### [Exercise requirements]
Nothing but the data, repeated exactly, belongs in the answer.

### [The data]

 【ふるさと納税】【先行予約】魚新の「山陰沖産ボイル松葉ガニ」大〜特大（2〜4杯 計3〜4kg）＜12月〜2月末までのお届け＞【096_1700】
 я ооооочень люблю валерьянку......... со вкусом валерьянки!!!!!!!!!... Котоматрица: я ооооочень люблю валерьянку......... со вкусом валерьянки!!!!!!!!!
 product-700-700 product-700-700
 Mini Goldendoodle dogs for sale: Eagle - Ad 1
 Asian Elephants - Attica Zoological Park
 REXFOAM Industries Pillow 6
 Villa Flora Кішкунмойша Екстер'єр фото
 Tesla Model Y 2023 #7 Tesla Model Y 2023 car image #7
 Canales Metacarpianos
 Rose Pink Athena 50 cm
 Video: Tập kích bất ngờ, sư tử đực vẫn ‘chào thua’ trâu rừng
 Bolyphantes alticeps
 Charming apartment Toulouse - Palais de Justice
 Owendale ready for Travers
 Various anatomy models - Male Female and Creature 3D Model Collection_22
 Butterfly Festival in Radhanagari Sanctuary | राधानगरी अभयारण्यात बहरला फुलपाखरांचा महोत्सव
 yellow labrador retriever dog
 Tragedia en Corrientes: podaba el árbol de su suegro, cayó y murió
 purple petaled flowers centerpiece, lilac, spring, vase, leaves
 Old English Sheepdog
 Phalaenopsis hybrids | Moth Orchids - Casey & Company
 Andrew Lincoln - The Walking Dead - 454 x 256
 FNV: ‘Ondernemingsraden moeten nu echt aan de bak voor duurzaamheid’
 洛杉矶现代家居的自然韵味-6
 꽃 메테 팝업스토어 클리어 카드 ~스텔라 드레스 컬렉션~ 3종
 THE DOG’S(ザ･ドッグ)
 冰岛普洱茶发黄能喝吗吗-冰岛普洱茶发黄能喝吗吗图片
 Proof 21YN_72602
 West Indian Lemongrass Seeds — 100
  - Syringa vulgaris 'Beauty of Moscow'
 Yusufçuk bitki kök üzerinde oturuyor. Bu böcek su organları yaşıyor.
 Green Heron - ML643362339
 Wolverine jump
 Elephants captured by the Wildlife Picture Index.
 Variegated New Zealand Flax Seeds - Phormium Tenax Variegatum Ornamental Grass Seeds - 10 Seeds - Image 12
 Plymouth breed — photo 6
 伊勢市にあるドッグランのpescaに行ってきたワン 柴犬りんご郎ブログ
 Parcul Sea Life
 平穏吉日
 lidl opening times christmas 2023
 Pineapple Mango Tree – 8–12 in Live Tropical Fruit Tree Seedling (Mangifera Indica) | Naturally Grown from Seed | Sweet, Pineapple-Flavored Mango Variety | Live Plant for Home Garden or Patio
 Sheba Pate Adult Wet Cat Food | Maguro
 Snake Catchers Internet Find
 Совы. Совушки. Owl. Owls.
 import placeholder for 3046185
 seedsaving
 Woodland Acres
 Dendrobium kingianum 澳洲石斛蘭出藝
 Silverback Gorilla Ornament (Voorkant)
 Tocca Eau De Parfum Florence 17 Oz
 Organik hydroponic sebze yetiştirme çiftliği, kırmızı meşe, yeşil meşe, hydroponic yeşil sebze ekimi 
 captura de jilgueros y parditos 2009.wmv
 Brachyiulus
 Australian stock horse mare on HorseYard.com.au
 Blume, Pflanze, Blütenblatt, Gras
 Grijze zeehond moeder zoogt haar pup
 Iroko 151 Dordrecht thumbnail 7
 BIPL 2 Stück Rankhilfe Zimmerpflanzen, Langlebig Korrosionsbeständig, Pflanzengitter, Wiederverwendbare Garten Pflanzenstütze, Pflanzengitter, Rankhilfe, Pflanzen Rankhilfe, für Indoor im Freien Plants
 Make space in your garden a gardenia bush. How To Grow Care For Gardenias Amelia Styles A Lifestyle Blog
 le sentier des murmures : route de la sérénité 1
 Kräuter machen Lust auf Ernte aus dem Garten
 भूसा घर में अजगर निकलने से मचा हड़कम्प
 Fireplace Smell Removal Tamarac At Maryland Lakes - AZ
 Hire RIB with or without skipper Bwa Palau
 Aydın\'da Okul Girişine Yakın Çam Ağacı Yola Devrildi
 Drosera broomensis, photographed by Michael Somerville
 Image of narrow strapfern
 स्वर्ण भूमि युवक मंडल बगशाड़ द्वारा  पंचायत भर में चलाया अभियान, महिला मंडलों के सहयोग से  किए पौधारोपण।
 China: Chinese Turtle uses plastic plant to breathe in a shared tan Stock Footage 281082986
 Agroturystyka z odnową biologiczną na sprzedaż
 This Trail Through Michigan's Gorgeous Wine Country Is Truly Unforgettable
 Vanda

### [Solution for this problem]
 【ふるさと納税】【先行予約】魚新の「山陰沖産ボイル松葉ガニ」大〜特大（2〜4杯 計3〜4kg）＜12月〜2月末までのお届け＞【096_1700】
 я ооооочень люблю валерьянку......... со вкусом валерьянки!!!!!!!!!... Котоматрица: я ооооочень люблю валерьянку......... со вкусом валерьянки!!!!!!!!!
 product-700-700 product-700-700
 Mini Goldendoodle dogs for sale: Eagle - Ad 1
 Asian Elephants - Attica Zoological Park
 REXFOAM Industries Pillow 6
 Villa Flora Кішкунмойша Екстер'єр фото
 Tesla Model Y 2023 #7 Tesla Model Y 2023 car image #7
 Canales Metacarpianos
 Rose Pink Athena 50 cm
 Video: Tập kích bất ngờ, sư tử đực vẫn ‘chào thua’ trâu rừng
 Bolyphantes alticeps
 Charming apartment Toulouse - Palais de Justice
 Owendale ready for Travers
 Various anatomy models - Male Female and Creature 3D Model Collection_22
 Butterfly Festival in Radhanagari Sanctuary | राधानगरी अभयारण्यात बहरला फुलपाखरांचा महोत्सव
 yellow labrador retriever dog
 Tragedia en Corrientes: podaba el árbol de su suegro, cayó y murió
 purple petaled flowers centerpiece, lilac, spring, vase, leaves
 Old English Sheepdog
 Phalaenopsis hybrids | Moth Orchids - Casey & Company
 Andrew Lincoln - The Walking Dead - 454 x 256
 FNV: ‘Ondernemingsraden moeten nu echt aan de bak voor duurzaamheid’
 洛杉矶现代家居的自然韵味-6
 꽃 메테 팝업스토어 클리어 카드 ~스텔라 드레스 컬렉션~ 3종
 THE DOG’S(ザ･ドッグ)
 冰岛普洱茶发黄能喝吗吗-冰岛普洱茶发黄能喝吗吗图片
 Proof 21YN_72602
 West Indian Lemongrass Seeds — 100
  - Syringa vulgaris 'Beauty of Moscow'
 Yusufçuk bitki kök üzerinde oturuyor. Bu böcek su organları yaşıyor.
 Green Heron - ML643362339
 Wolverine jump
 Elephants captured by the Wildlife Picture Index.
 Variegated New Zealand Flax Seeds - Phormium Tenax Variegatum Ornamental Grass Seeds - 10 Seeds - Image 12
 Plymouth breed — photo 6
 伊勢市にあるドッグランのpescaに行ってきたワン 柴犬りんご郎ブログ
 Parcul Sea Life
 平穏吉日
 lidl opening times christmas 2023
 Pineapple Mango Tree – 8–12 in Live Tropical Fruit Tree Seedling (Mangifera Indica) | Naturally Grown from Seed | Sweet, Pineapple-Flavored Mango Variety | Live Plant for Home Garden or Patio
 Sheba Pate Adult Wet Cat Food | Maguro
 Snake Catchers Internet Find
 Совы. Совушки. Owl. Owls.
 import placeholder for 3046185
 seedsaving
 Woodland Acres
 Dendrobium kingianum 澳洲石斛蘭出藝
 Silverback Gorilla Ornament (Voorkant)
 Tocca Eau De Parfum Florence 17 Oz
 Organik hydroponic sebze yetiştirme çiftliği, kırmızı meşe, yeşil meşe, hydroponic yeşil sebze ekimi 
 captura de jilgueros y parditos 2009.wmv
 Brachyiulus
 Australian stock horse mare on HorseYard.com.au
 Blume, Pflanze, Blütenblatt, Gras
 Grijze zeehond moeder zoogt haar pup
 Iroko 151 Dordrecht thumbnail 7
 BIPL 2 Stück Rankhilfe Zimmerpflanzen, Langlebig Korrosionsbeständig, Pflanzengitter, Wiederverwendbare Garten Pflanzenstütze, Pflanzengitter, Rankhilfe, Pflanzen Rankhilfe, für Indoor im Freien Plants
 Make space in your garden a gardenia bush. How To Grow Care For Gardenias Amelia Styles A Lifestyle Blog
 le sentier des murmures : route de la sérénité 1
 Kräuter machen Lust auf Ernte aus dem Garten
 भूसा घर में अजगर निकलने से मचा हड़कम्प
 Fireplace Smell Removal Tamarac At Maryland Lakes - AZ
 Hire RIB with or without skipper Bwa Palau
 Aydın\'da Okul Girişine Yakın Çam Ağacı Yola Devrildi
 Drosera broomensis, photographed by Michael Somerville
 Image of narrow strapfern
 स्वर्ण भूमि युवक मंडल बगशाड़ द्वारा  पंचायत भर में चलाया अभियान, महिला मंडलों के सहयोग से  किए पौधारोपण।
 China: Chinese Turtle uses plastic plant to breathe in a shared tan Stock Footage 281082986
 Agroturystyka z odnową biologiczną na sprzedaż
 This Trail Through Michigan's Gorgeous Wine Country Is Truly Unforgettable
 Vanda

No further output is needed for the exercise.